Meyer: Ich glaube schon, dass man grundsätzlich sagen kann für die Bearbeitung solcher Planungsthemen und der Umsetzungsgeschwindigkeit gibt es Verbesserungspotenzial. Aber man muss den Einzelfall betrachten. Grundsätzlich ist es das Ziel von Wirtschaftsförderung, solche Prozesse schneller zu gestalten.

Was kann man tun, um beim Standort der Sparkassenakademie als Sieger hervor zu gehen oder die Deutsche Annington zu halten?

Meyer: Man muss, um Projekte wie die Sparkassenakademie zu gewinnen, gut verdrahtet sein, und man muss sehr genau hinhören, auch die Zwischentöne hören, was ist wirklich gefordert. Und ob wir das Projekt kriegen oder nicht, es wird auch das nächste Projekt kommen. Ich glaube man muss den Anlass Opel nehmen, um im Gespräch zu bleiben. Wir kriegen im Moment Anfragen, die wir sonst nicht gekriegt hätten. Ich weiß, dass Eon aus Hannover 400 Arbeitskräfte abziehen und ins Ruhrgebiet verlegen will. Wir müssen gucken, dass wir diesen Anlass nutzen, um in dieser Gesprächsatmosphäre zu bleiben. Was die Deutsche Annington betrifft, da bin ich ganz zuversichtlich.

Wie werden Sie es schaffen, unter dem Dach der Wirtschaftsförderung Holding ein ehemaliges städtisches Amt und einige Firmen zu bündeln und zu führen?

Meyer: Das ist erst mal ein Zusammenführen der Kulturen.
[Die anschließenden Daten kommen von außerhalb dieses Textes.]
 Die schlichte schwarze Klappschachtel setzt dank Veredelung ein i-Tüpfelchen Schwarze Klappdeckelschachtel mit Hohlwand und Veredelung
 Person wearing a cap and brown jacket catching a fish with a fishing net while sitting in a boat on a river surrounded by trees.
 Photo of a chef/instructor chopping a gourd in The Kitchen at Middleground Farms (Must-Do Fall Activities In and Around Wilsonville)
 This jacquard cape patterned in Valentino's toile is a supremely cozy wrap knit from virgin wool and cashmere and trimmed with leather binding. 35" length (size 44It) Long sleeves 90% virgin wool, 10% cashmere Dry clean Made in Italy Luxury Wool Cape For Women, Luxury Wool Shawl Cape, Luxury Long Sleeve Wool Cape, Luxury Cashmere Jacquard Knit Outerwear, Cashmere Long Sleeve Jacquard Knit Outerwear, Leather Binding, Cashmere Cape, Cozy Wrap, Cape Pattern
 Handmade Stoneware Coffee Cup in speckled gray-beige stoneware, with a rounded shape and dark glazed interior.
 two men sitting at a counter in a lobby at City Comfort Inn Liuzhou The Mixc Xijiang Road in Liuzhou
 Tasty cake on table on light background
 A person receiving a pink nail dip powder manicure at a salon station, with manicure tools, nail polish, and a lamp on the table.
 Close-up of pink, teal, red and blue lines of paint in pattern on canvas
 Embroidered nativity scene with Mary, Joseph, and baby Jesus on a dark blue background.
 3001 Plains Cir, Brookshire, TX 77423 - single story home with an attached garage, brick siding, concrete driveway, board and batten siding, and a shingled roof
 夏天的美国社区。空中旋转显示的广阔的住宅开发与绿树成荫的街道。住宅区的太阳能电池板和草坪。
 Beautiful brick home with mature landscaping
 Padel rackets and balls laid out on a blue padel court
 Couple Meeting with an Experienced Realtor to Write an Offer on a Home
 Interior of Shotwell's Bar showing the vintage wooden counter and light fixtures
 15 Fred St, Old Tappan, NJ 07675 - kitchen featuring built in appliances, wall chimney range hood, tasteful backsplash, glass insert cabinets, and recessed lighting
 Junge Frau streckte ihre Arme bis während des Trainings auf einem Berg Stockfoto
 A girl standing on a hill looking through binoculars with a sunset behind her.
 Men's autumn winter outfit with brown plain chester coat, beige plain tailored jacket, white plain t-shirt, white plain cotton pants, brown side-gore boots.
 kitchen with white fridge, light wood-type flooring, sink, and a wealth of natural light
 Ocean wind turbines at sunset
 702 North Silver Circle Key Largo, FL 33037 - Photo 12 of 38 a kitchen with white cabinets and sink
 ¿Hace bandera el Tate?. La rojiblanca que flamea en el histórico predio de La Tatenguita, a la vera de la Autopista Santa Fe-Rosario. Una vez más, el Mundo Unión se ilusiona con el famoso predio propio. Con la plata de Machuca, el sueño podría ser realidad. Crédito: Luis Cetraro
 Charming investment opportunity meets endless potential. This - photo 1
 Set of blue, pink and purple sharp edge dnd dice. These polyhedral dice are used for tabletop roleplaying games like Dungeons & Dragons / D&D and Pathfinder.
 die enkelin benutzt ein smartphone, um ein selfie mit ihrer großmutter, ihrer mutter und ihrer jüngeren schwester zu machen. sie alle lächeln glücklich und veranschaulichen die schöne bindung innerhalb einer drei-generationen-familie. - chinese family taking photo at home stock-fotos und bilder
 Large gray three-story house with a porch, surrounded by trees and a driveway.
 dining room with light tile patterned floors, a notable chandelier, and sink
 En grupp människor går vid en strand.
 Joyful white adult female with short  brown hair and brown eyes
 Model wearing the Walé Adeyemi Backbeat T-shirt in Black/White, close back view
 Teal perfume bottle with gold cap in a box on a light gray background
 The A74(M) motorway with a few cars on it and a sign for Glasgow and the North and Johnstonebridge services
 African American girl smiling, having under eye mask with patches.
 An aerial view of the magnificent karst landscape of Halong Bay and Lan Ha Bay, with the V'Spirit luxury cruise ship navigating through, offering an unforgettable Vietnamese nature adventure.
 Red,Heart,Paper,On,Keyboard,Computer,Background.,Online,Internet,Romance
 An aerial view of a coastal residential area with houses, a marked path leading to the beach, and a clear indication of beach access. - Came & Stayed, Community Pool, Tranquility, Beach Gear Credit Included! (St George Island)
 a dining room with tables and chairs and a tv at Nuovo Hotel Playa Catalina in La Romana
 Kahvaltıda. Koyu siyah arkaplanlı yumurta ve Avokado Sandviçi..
Die einen sind schon länger selbstständig unterwegs als GmbH, trotzdem mit öffentlichen Dienstthemen ausgestattet. Die anderen sind gerade mal ein knappes Jahr aus der Amtsstruktur entlassen. Diese Kulturen zu lesen und dann zu sagen, was ist die beste Struktur in der man arbeiten kann, das wird die Herausforderung sein. Wir werden auch bei der EDV oder bei dem Thema Kundenmanagementsystem einheitlich arbeiten. Es ist wichtig, zu wissen, mit welchen Unternehmen arbeiten wir, welche Historie haben sie. Und da sollten alle, egal ob von der EGR oder von der Wirtschaftsförderung, gleich im Thema sein. Sich mehr als Dienstleistungsagentur zu fühlen, das wird ein großes Thema sein. Im Sommer hat die WAZ berichtet, dass einige Unternehmen nicht so ganz zufrieden mit der Wirtschaftsförderung sind. Ich möchte dazu kommen, dass wir diese Zufriedenheit messen und sie erhöhen können.